VEXAME: Janja expulsa filha de Lula do camarim durante o carnaval.
Clima pesou na avenida! Briga familiar entre primeira-dama Janja e primogênita do presidente Lula foi testemunhada por Alckmin.
Uma discussão acalorada entre a primeira-dama Janja da Silva e Lurian Cordeiro, filha mais velha do petista, transformou o camarote presidencial em palco de um verdadeiro barraco familiar no último domingo de Carnaval.
Razão da briga entre filha de Lula e Janja
Informações obtidas pela colunista Mônica Bergamo, do jornal Folha de S.Paulo dão conta de que a confusão começou quando Lurian ousou invadir a área VIP do camarote, um espaço restrito onde somente pessoas autorizadas pelo próprio presidente podiam entrar.
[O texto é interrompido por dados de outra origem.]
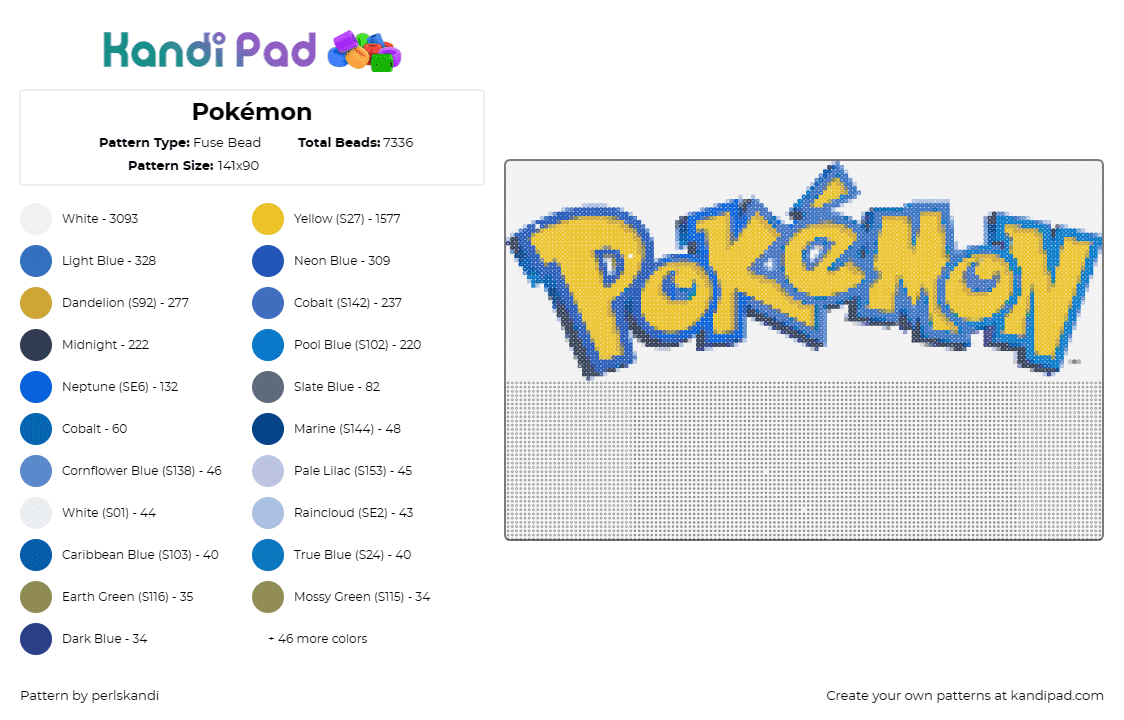 Pokémon - Fuse Bead Pattern by perlskandi on Kandi Pad - pokemon,logo,gaming,yellow,blue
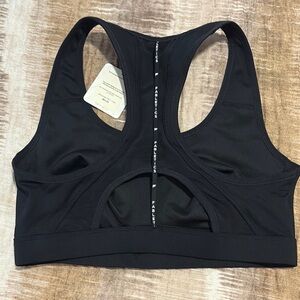 Fabletics Black Racerback Sports Bra with Hook-and-Eye Closure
Ao se aproximar para cumprimentar o pai, a filha mais velha de Lula foi surpreendida pela primeira-dama.
Segundo testemunhas, Janja mandou que Lurian encurtasse a conversa, desse um beijo no presidente e se retirasse imediatamente. A justificativa? O momento não era apropriado para longos diálogos familiares.
Lurian, visivelmente irritada, teria rebatido: queria falar com o pai e ponto final. Mas Janja não recuou. Pelo contrário, endureceu o discurso e exigiu que a enteada deixasse o recinto. Foi nesse instante que o clima explodiu de vez.
Reação de Lula
Enquanto as duas trocavam farpas, o presidente assistiu a tudo sem ter nenhuma reação. Fontes revelam que Lula preferiu não se envolver na confusão e limitou-se a dizer que conversaria com as duas em particular, longe dos holofotes.
O climão constrangedor teve como testemunhas o vice-presidente Geraldo Alckmin e sua esposa, Lu Alckmin, estavam na sala e não puderam evitar de presenciar a confusão familiar. Sem graça, os dois teriam permanecido em silêncio durante toda a discussão. Lurian deixou o camarote aos prantos, sob olhares de funcionários e seguranças
PL aciona TSE para produção de provas sobre homenagem a Lula na Sapucaí
O partido pediu a produção de provas sobre o financiamento do desfile com recursos públicos. Embora não peça a cassação de Lula por ora, o PL alega que há “fundados indícios” de “abuso de poder político e econômico” na homenagem ao petista.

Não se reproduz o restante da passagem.